Du côté de Budd Boetticher, par Matheus Felix et Julia Lin : son cinéma, ses chevaux, son tempérament de pédagogue, son esprit classique « comprenant très bien ce qu’est la tragédie », c’est-à-dire, au fond, la matrice corrida.

A propos du cinéaste d’animation japonais Masaaki Yuasa s’entretenant avec Maud Gacel (traduction Shoko Takahashi) : « L’amitié est une chose sur laquelle j’aime beaucoup travailler et c’est également un thème récurrent des œuvres originales que j’adapte. En revanche, j’essaye toujours de sortir des configurations usuelles de ce type de rapports. Les personnages de mes films n’arrivent pas toujours à s’ouvrir aux autres ou à exprimer leurs sentiments. Je n’aime pas me contenter de simples dialogues. Selon moi les amitiés profondes sont à chercher dans le langage corporel, la manière d’être ensemble. »
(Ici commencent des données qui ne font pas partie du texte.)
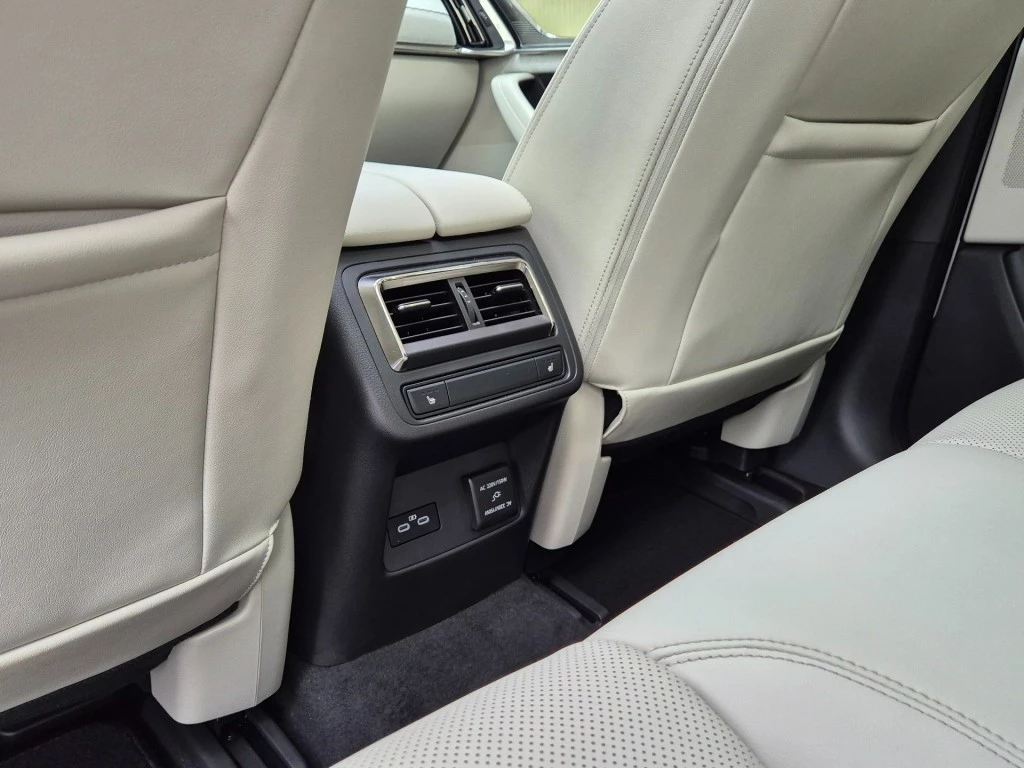 Hoofdafbeelding Mazda CX-60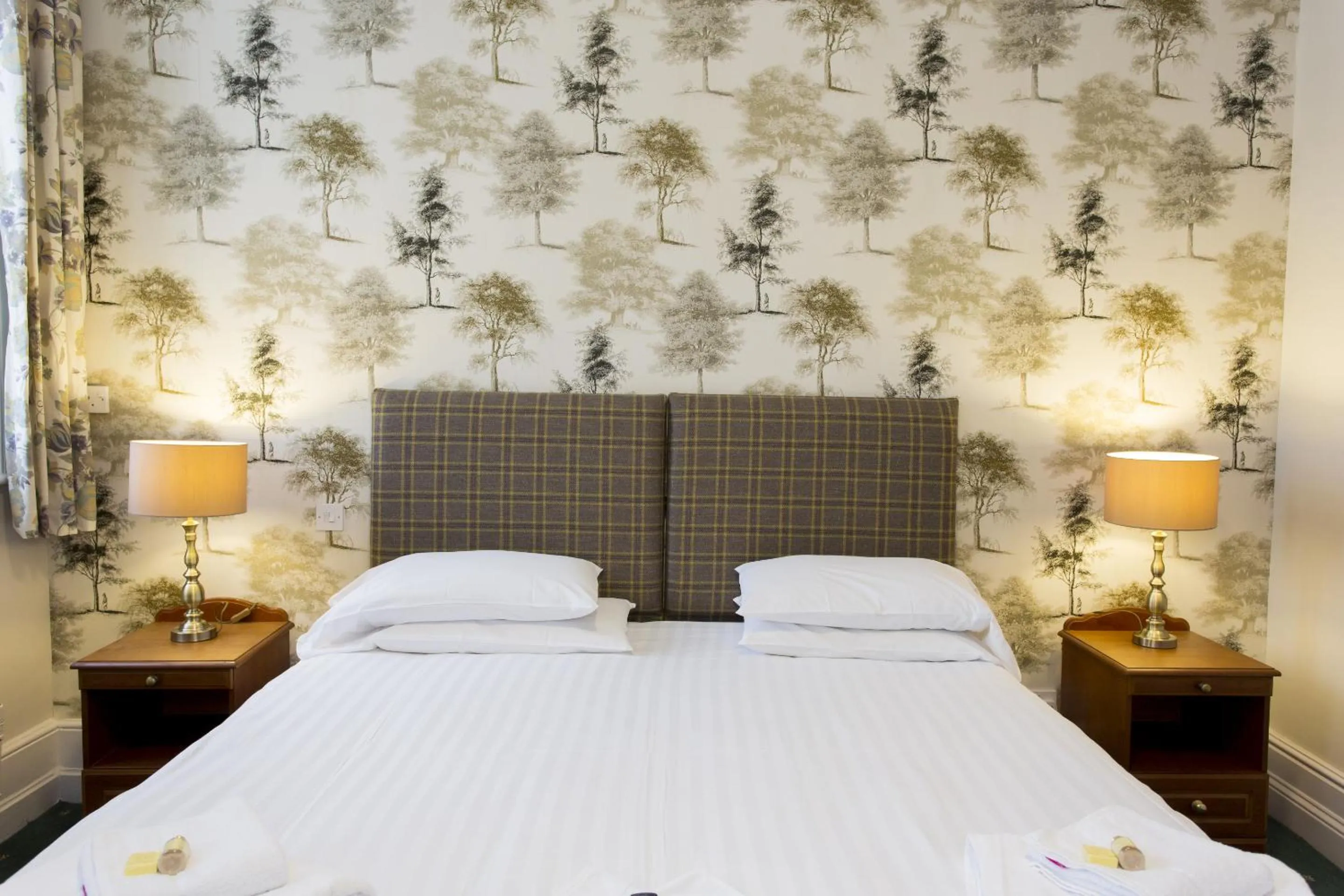 Bedroom, Bed in The Old Bell - Warminster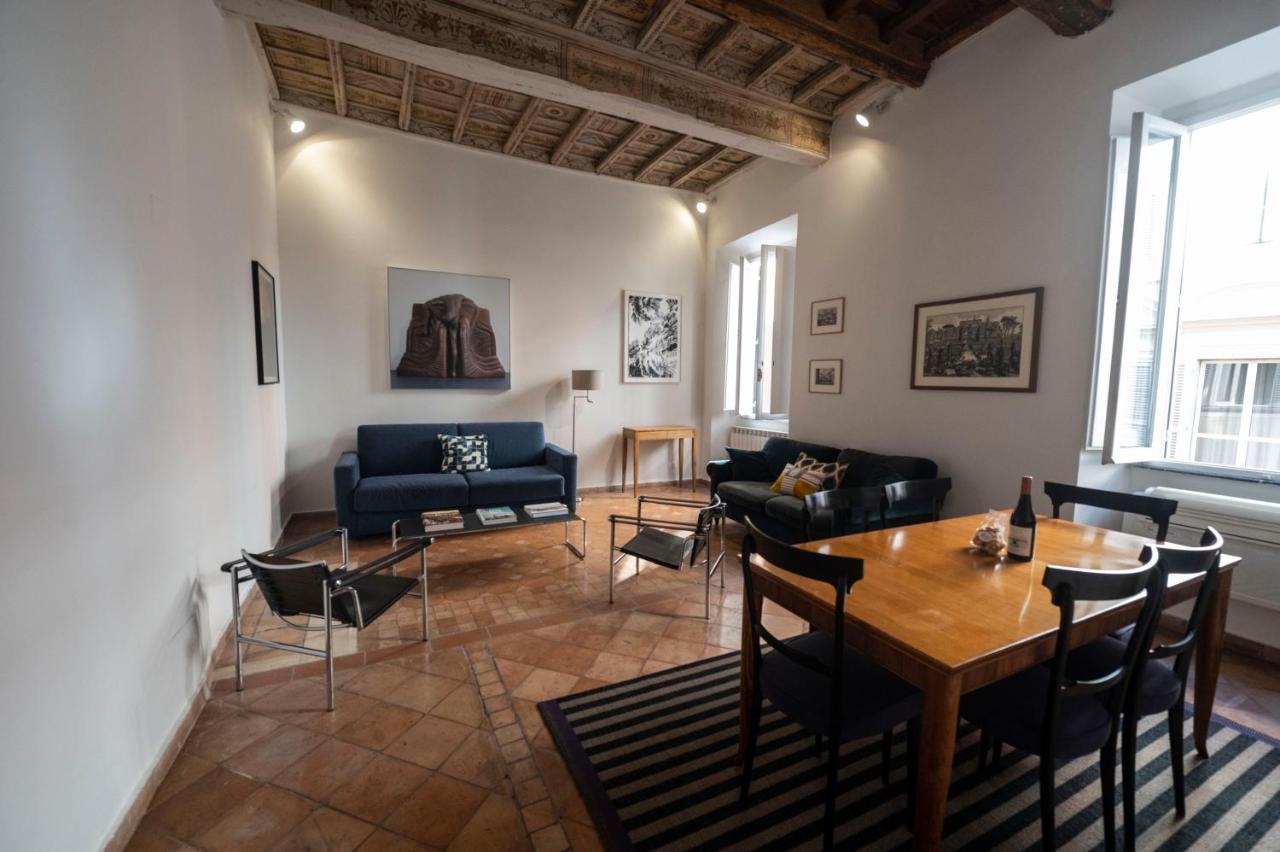 Artsy And Elegant Apartment Near Pantheon Roma Exterior foto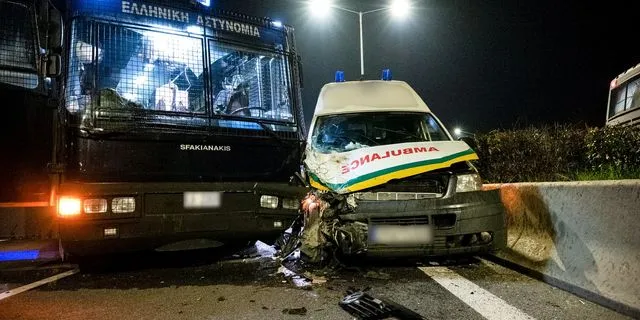 Σύγκρουση ασθενοφόρου με κλούβα της Αστυνομίας στον Πλατύκαμπο Λάρισας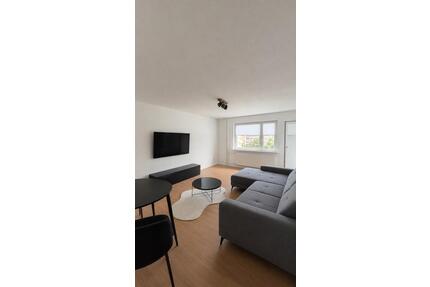 Attraktive 3-Zimmer-Wohnung mit Balkon und Aufzug - Kiel Neumühlen-Dietrichsdorf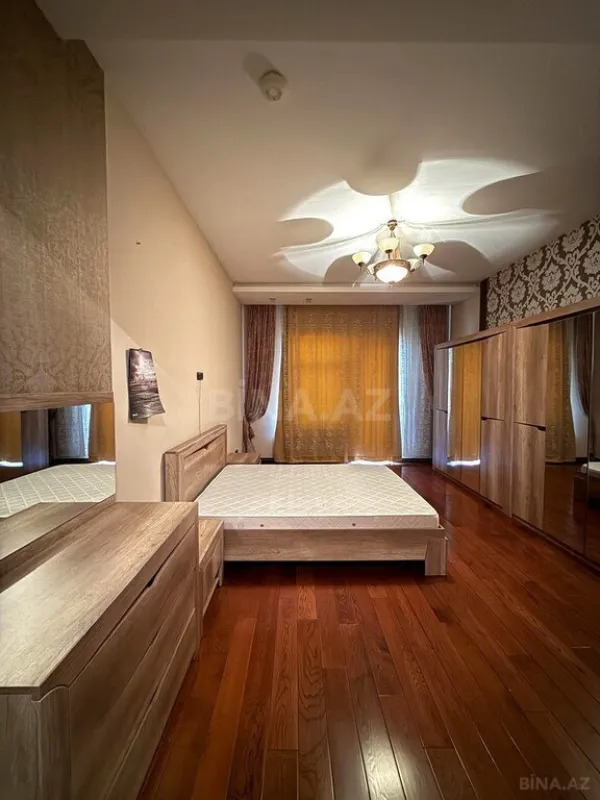 Kirayə verilir 4 otaqlı mənzil 240 m²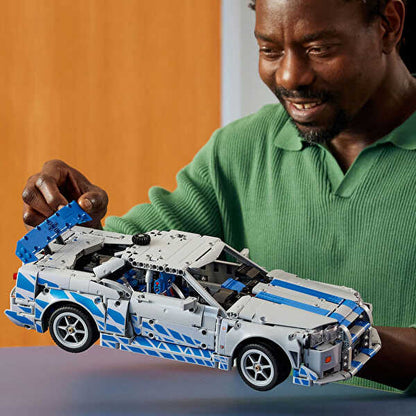 LEGO Technic Daha Hızlı Daha Öfkeli Nissan Skyline GT-R34 42210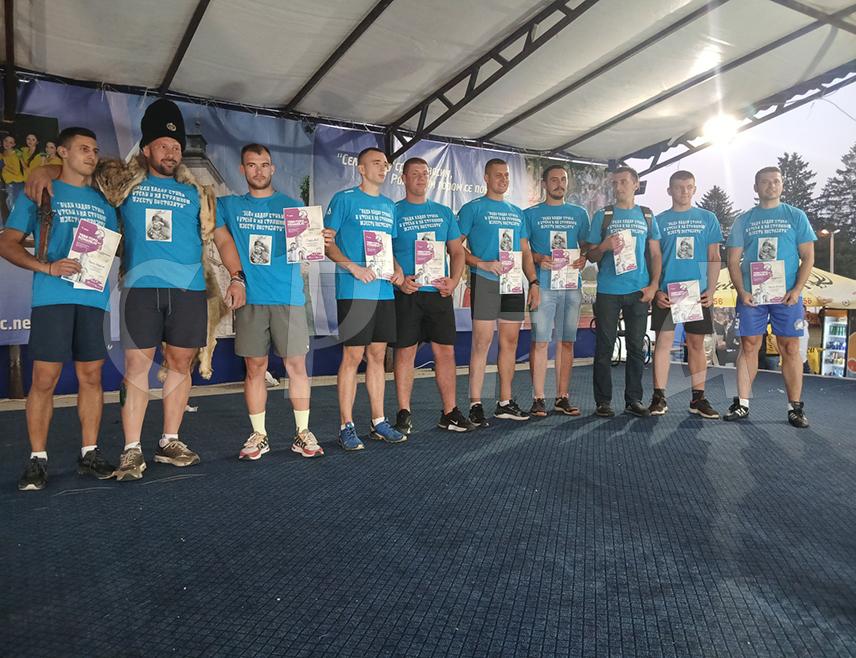 СОКОЛАЦ, 12. АВГУСTА /СРНА/ - У оквиру програма "Tеби горо Романијо", којим је обиљежен Дан манастира Светог великомученика Георгија одржан је и "Романијски вишебој", на коме је Александар Крајишник четврти пут понио титулу "хајдук харамбаша Романије".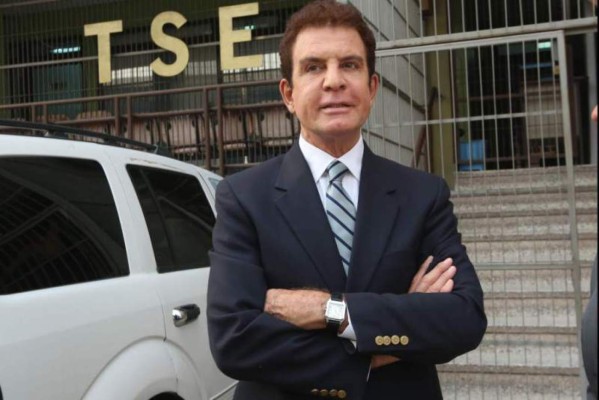 Jorge Zelaya y Salvador Nasralla se reencuentran en público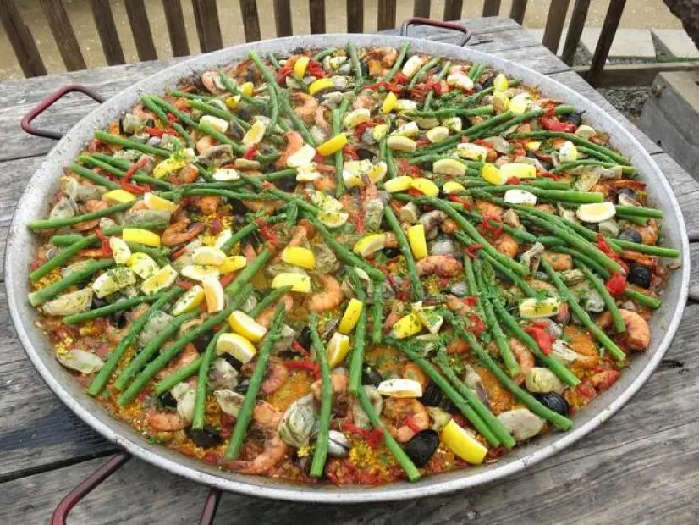 Paella del reyes' combination paella recipe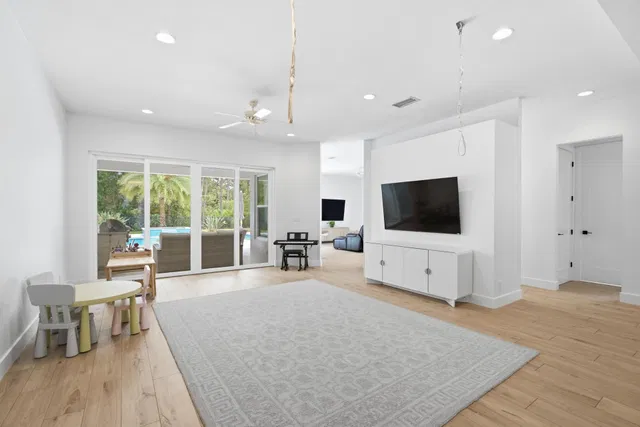Residence photo 6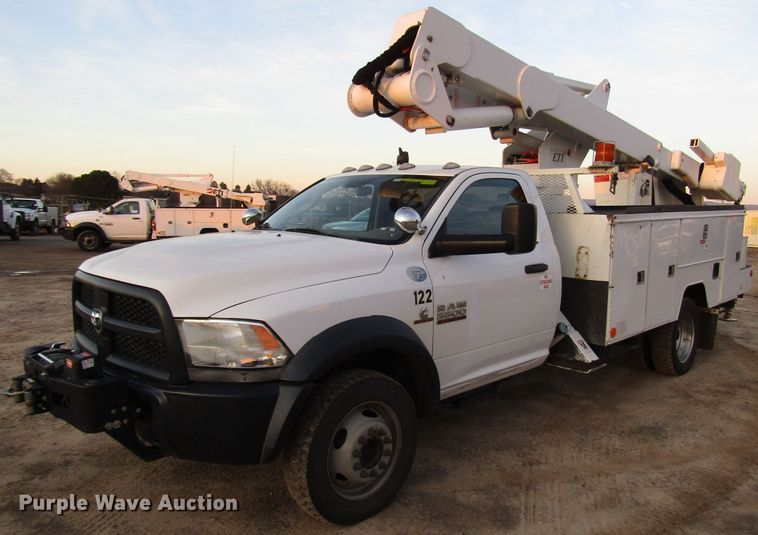 image for item DH8287 2013 Dodge Ram 5500 bucket truck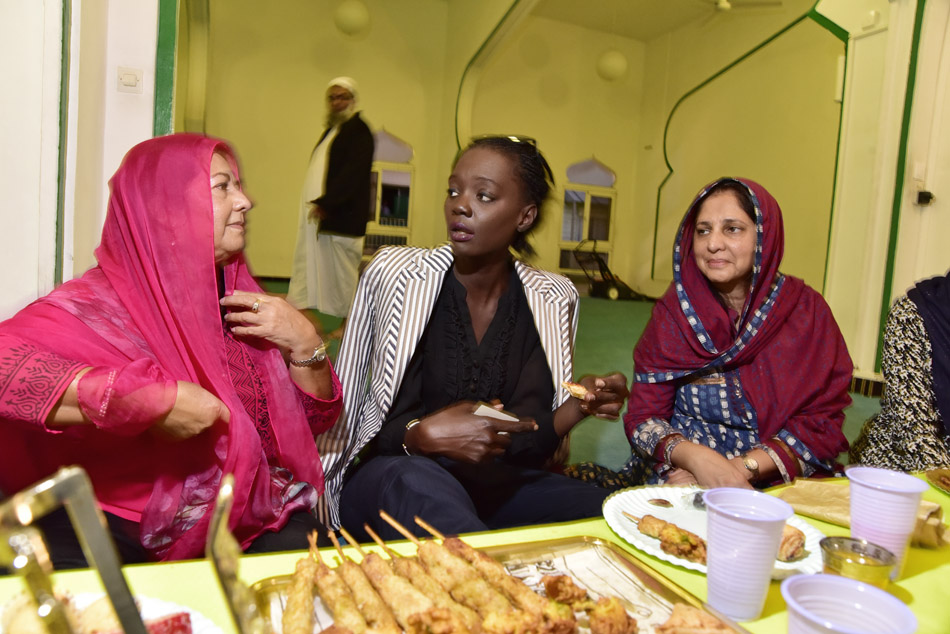 Retour en images: Rama Yade visite la mosquée de Saint-Denis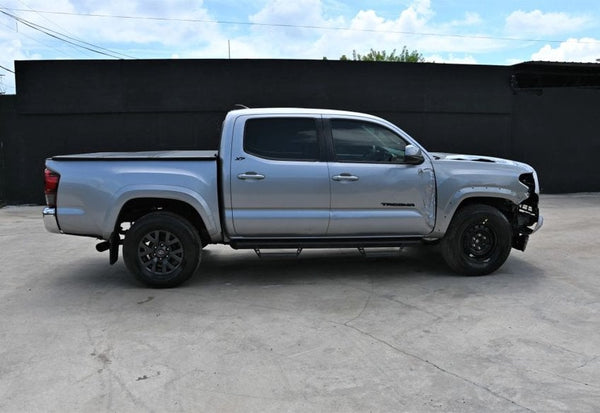2019 Toyota Tacoma SR5 V6 vehicle photo 6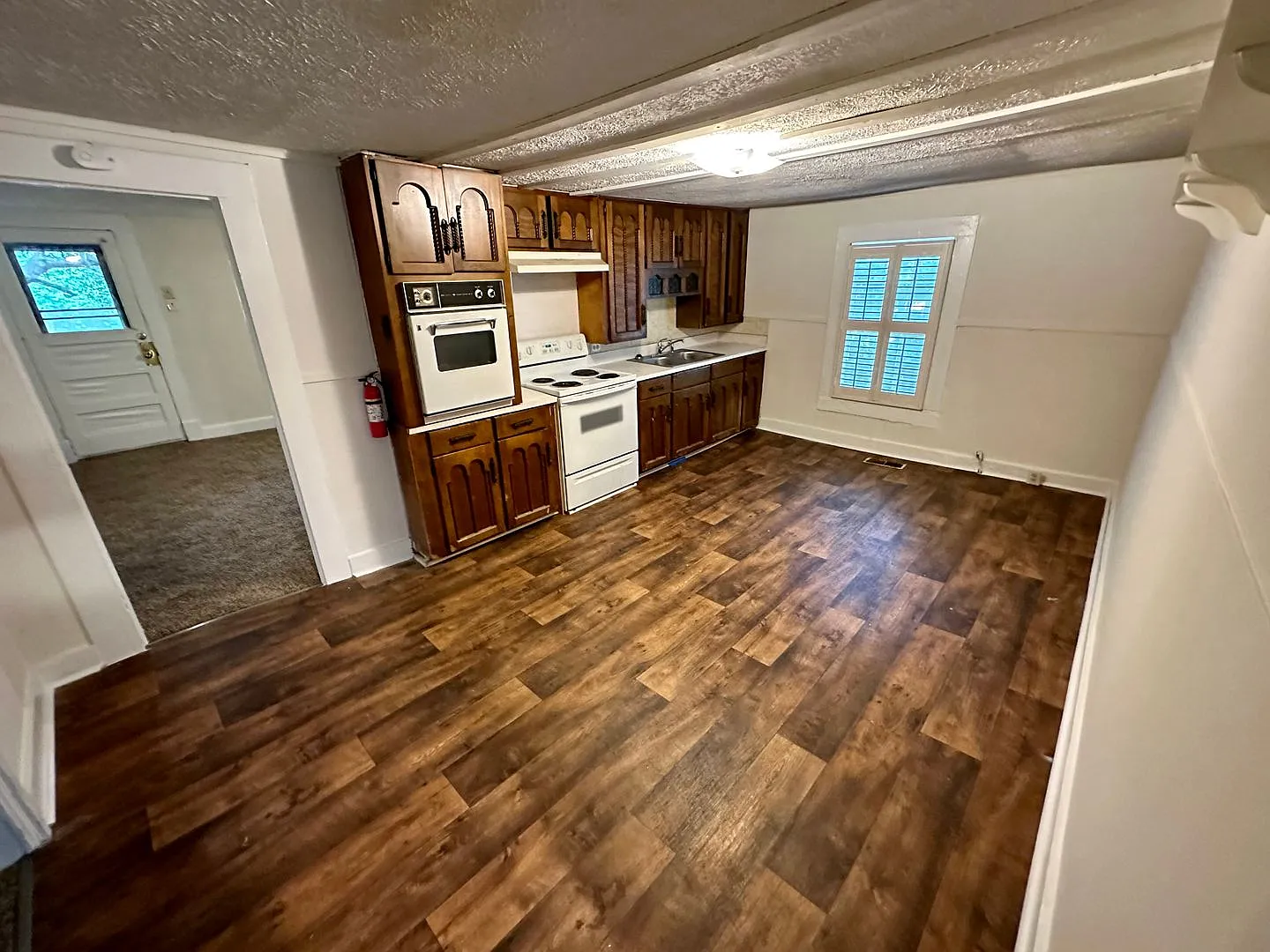 Fairview Drive 4334-4404 — Photo 4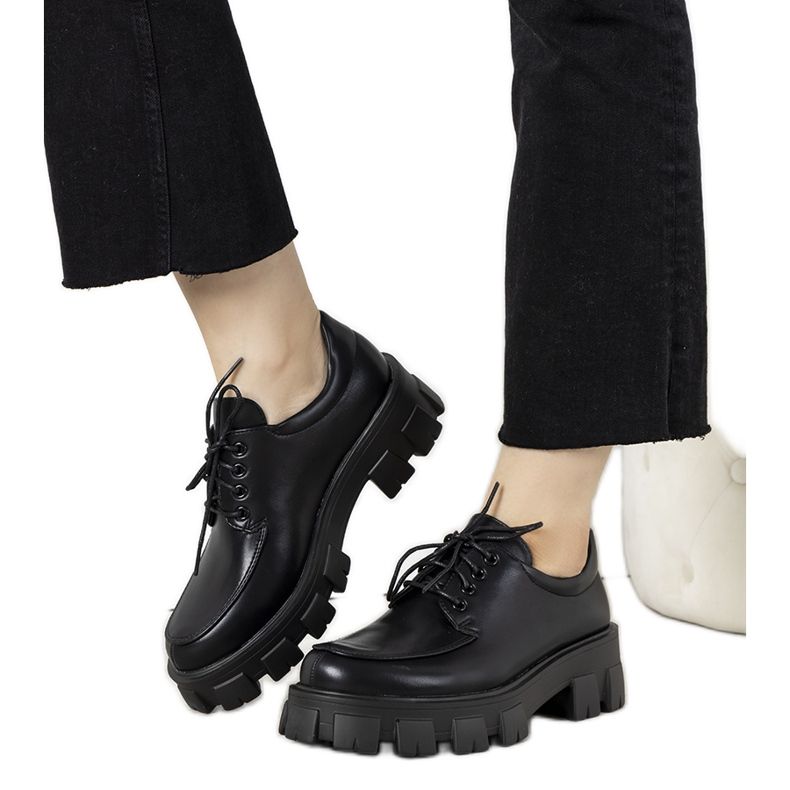 Pantofi negri pe talpa Lamare groasă negru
Apaches ? De l’amitié, de l’effervescence intellectuelle, de l’enthousiasme.

La foi dans la dimension d’émancipation et d’ennoblissement portée par le cinéma – mondial – de qualité.  

Et l’ambition d’amener le cinéma en des territoires neufs, ainsi la nouvelle d’Hélène Boons, Les sirènes pleurent à Noël concluant le volume, titre façon Série Noire dont la protagoniste est une tireuse de tarot au nom hollywoodien, la New-yorkaise Cassandra Lake.

Voici des phrases, faites-vous un film, ce sera le plus beau : « La nuit s’abymait dans les vapeurs de hot-dogs et d’alcool de pauvre facture. » / « Autour d’elle sommeillaient des travailleurs fatigués. » / « L’après-midi avait décliné et l’angoisse avait mordu Joe. » / « Alors, dans le roulis de leurs poitrines antiques, quelques diamants perdus brûlent puis vacillent. »

Si John Huston lit ceci, les droits du scénario sont encore disponibles.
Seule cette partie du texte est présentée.